Das Gericht ordnete schliesslich doch noch eine Überprüfung der Sickerleitung an, doch es beauftragte genau jene Firma, die für die Beklagten Beweise beschafft hatte. Senns Anwalt wies sie natürlich als befangen zurück. Bis ein neutrales Gutachten erstellt ist, dauert es wiederum Monate, inzwischen vergrössern sich die Schäden an Senns Haus.
Anfang 2014 fand die – erfolglose – Vergleichsverhandlung statt, seither ist nichts mehr geschehen. «Es ist wie ein Kampf gegen Windmühlen», klagt Senn. «Solange das Gericht nichts unternimmt, bin ich blockiert.» Senns Anwalt musste die Richterin darauf hinweisen, dass die Strafprozessordnung ein zügiges Verfahren vorschreibe. Nach sechs Jahren hängt dieses aber immer noch in der ersten Instanz. Warum dem so ist, will das Gericht dem Beobachter nicht erläutern.
Senns Prozessgegner versuchen, ihn bei Gericht als Querulanten darzustellen. Er prozessiere nur deshalb, weil seine Rechtsschutzversicherung zahle. Bis jetzt sind Kosten von etwa 100'000 Franken entstanden. Senn wehrt ab: «Ich habe zusammengerechnet sicher schon ein Jahr Arbeit für diesen Fall aufgewendet und Tausende von Franken selber bezahlt.

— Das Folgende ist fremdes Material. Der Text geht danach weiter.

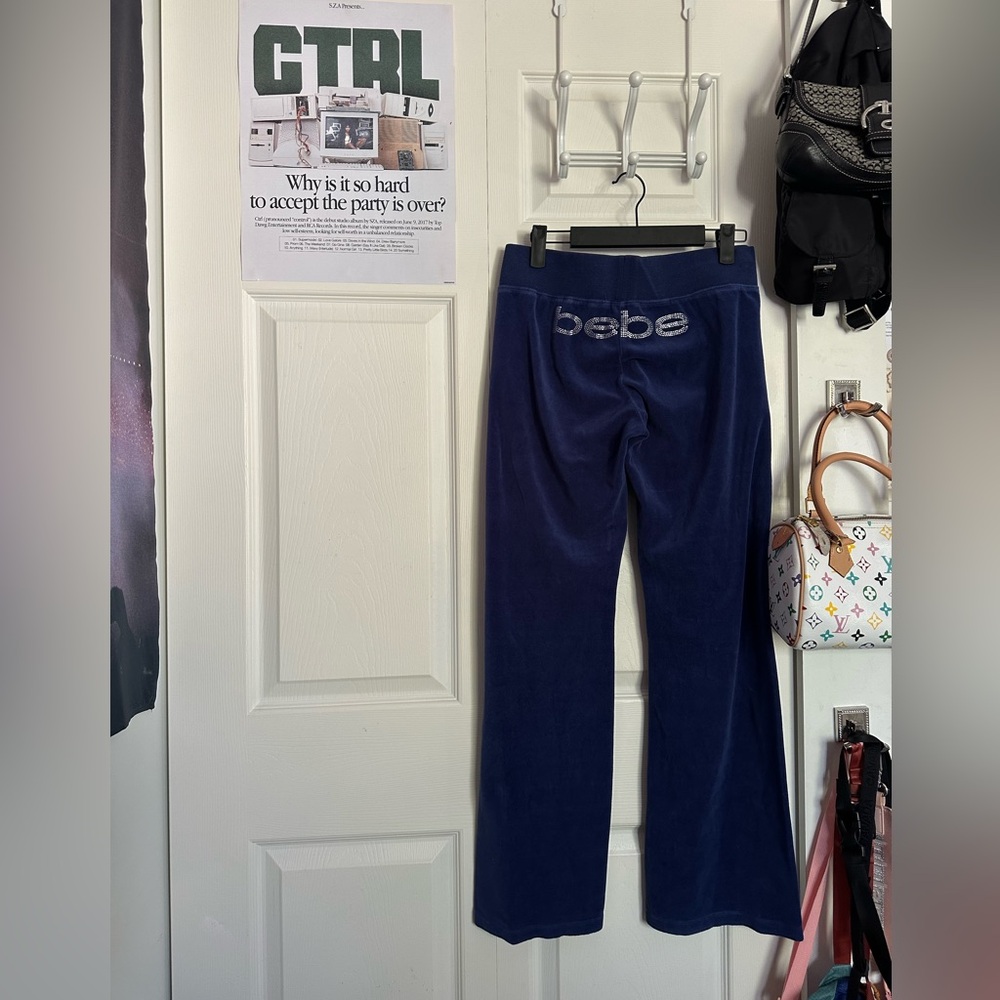 bebe y2k vintage navy blue velour pants 💙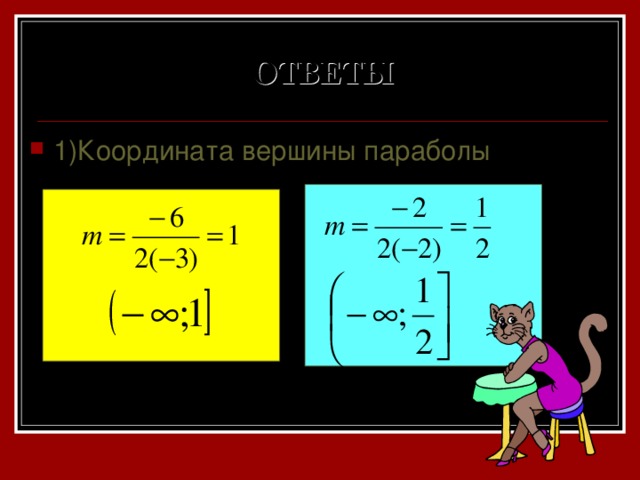ОТВЕТЫ 1)Координата вершины параболы 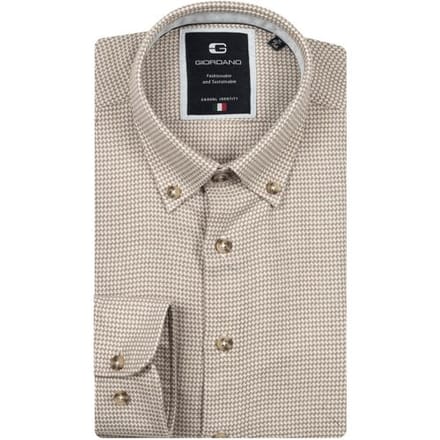 Giordano Overhemd Loretto Mini Pattern Button-Down Donker Bruin / male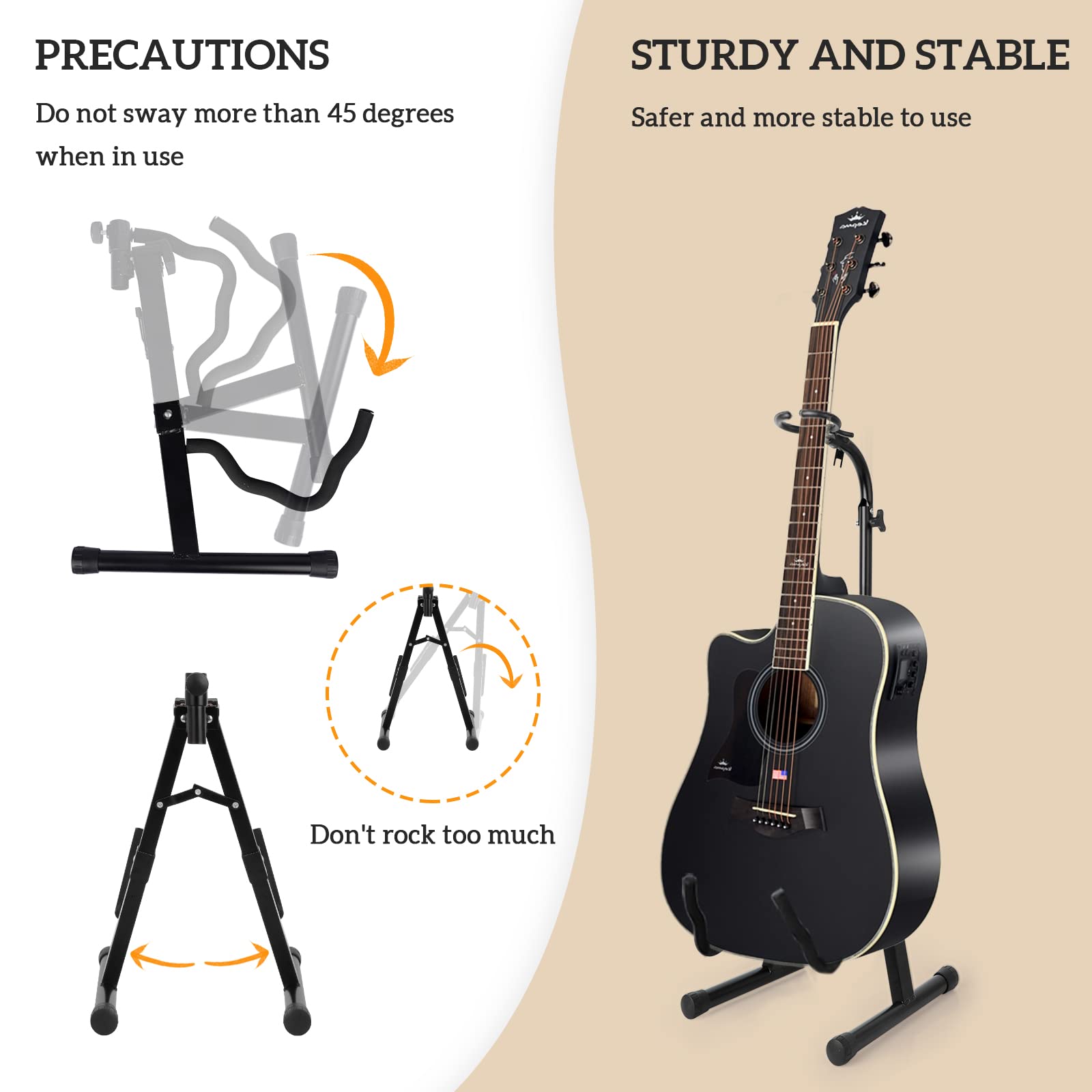 Acoustic Guitar Stand Floor Folding A Frame with Secure Lock Upgrade Adjustable Holder Classical Electric Bass Guitar Ukelele Violin Accessories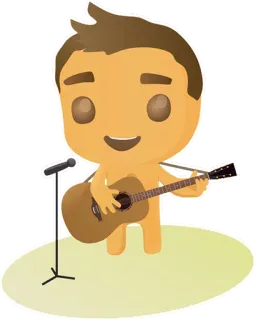 🎸 cartone animato, cantante, chitarra, musica, microfono, artista telegram sticker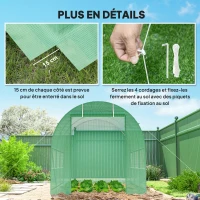 Outsunny Serre de Jardin Tunnel Surface Sol 7m² 3,5L x 2l x 2H m châssis Tubulaire renforcé Porte zippée 6 fenêtres enroulables Vert(m-5)
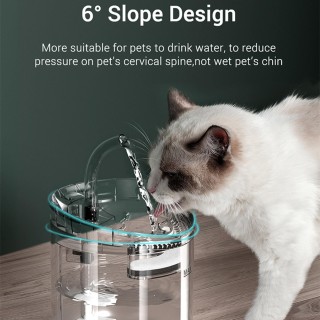 Katzen-Wasserbrunnen, Hunde-Wasserspender, 2 l, superleiser automatischer Haustier-Trinkbrunnen, 2 Wasser US transparent
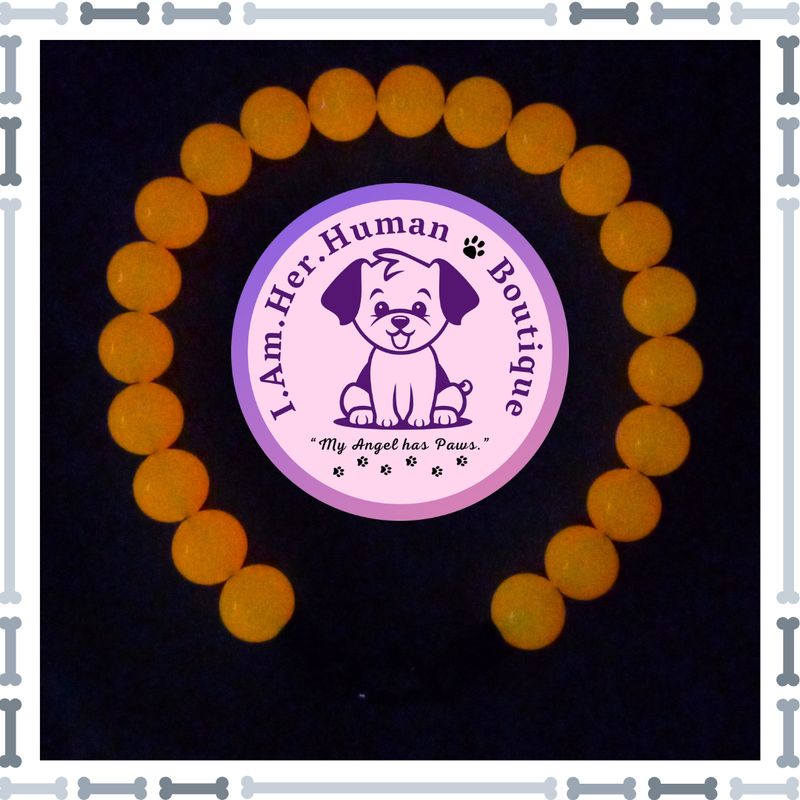 Orange, Glow in the dark, Chunky Bead Dog Collar, Bubblegum Bead Dog Collar, Beaded Dog Collar, Bubblegum Beaded Collar, Acrylic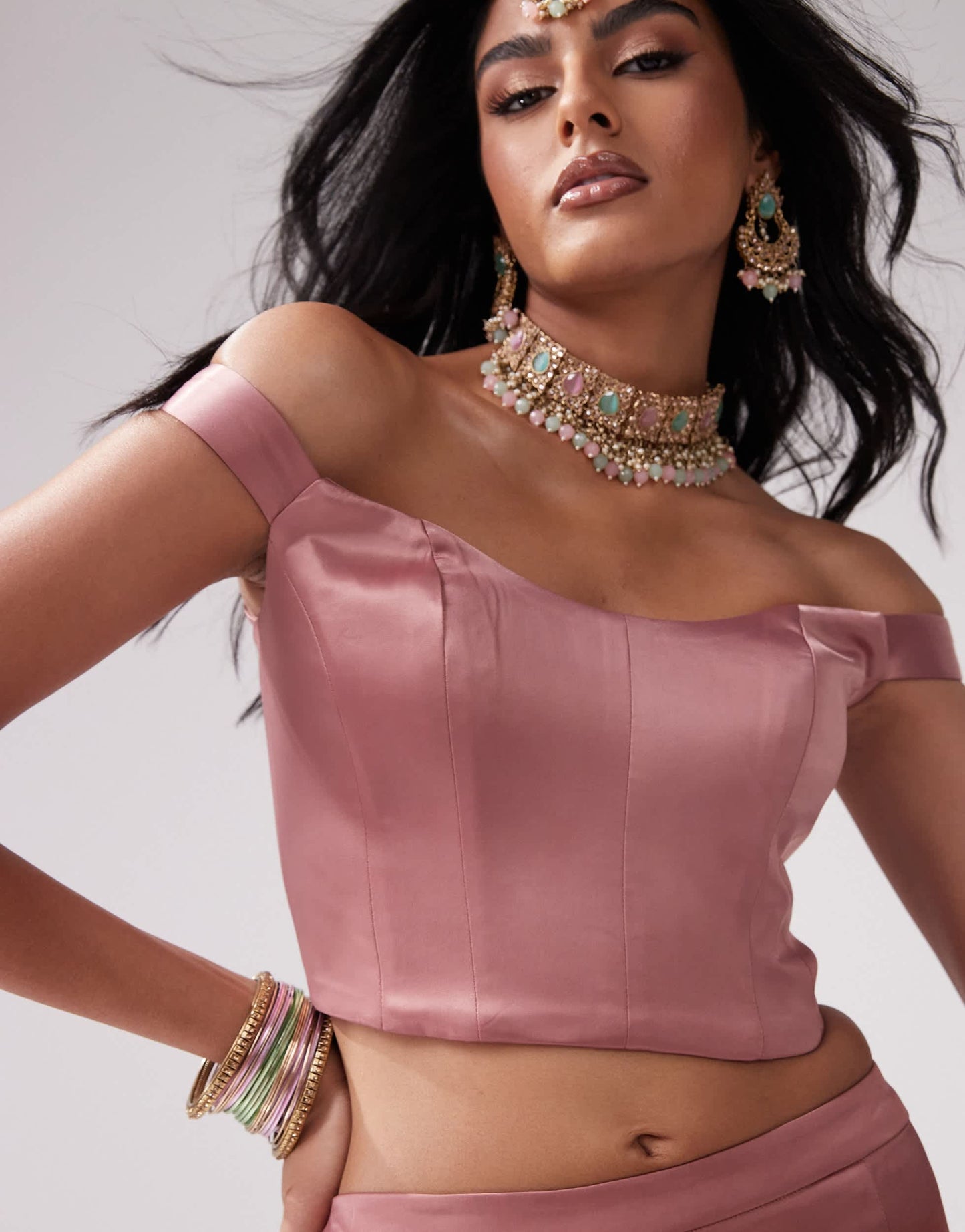 Kanya London off shoulder structured corset top co-ord in mink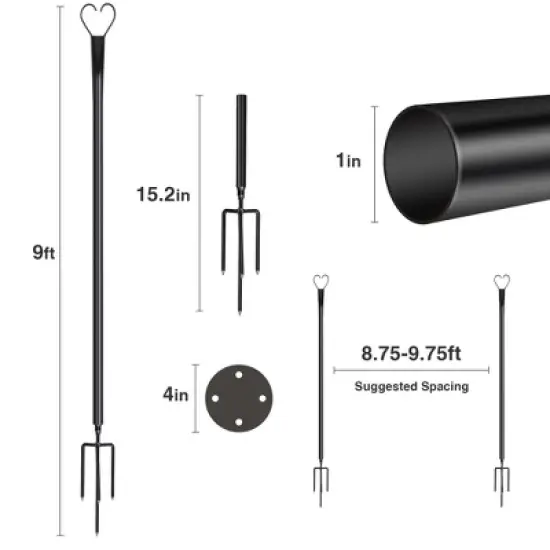 Sandinrayli 8 ft. String Light Pole 25-Light Outdoor Solar Powered LED String Light Set Atmosphere Lighting for Patio Decor (6-Pack) image {9}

Und der Kampf um mein Recht zehrt an meiner Gesundheit und an der meiner Mutter.» Der Gegenanwalt, der im Verwaltungsrat der beklagten Firma sitzt, geht davon aus, dass der Fall noch das Bundesgericht beschäftigen könnte. Doch selbst wenn seine Klienten gewinnen würden, hätten sie aus eigener Tasche noch einige zehntausend Franken zu berappen.
So oder so wird es nur Verlierer geben. Zu Senns Gegnern gehören zwei ehemalige Gemeindepräsidenten, die in der neuen Nachbarliegenschaft eine Wohnung besitzen. Eigentlich müsste für sie als Politiker das Wort «verhandeln» nicht unbekannt sein. Doch diese Chance wurde verpasst, zu verhärtet sind die Fronten. Senns Anwalt meint: «Wir stecken jetzt in einem Verfahren, aus dem es kein Zurück mehr gibt – und das noch Jahre dauern kann, falls die Parteien bis vor Bundesgericht gehen wollen. Am Ende bleibt ein Scherbenhaufen.»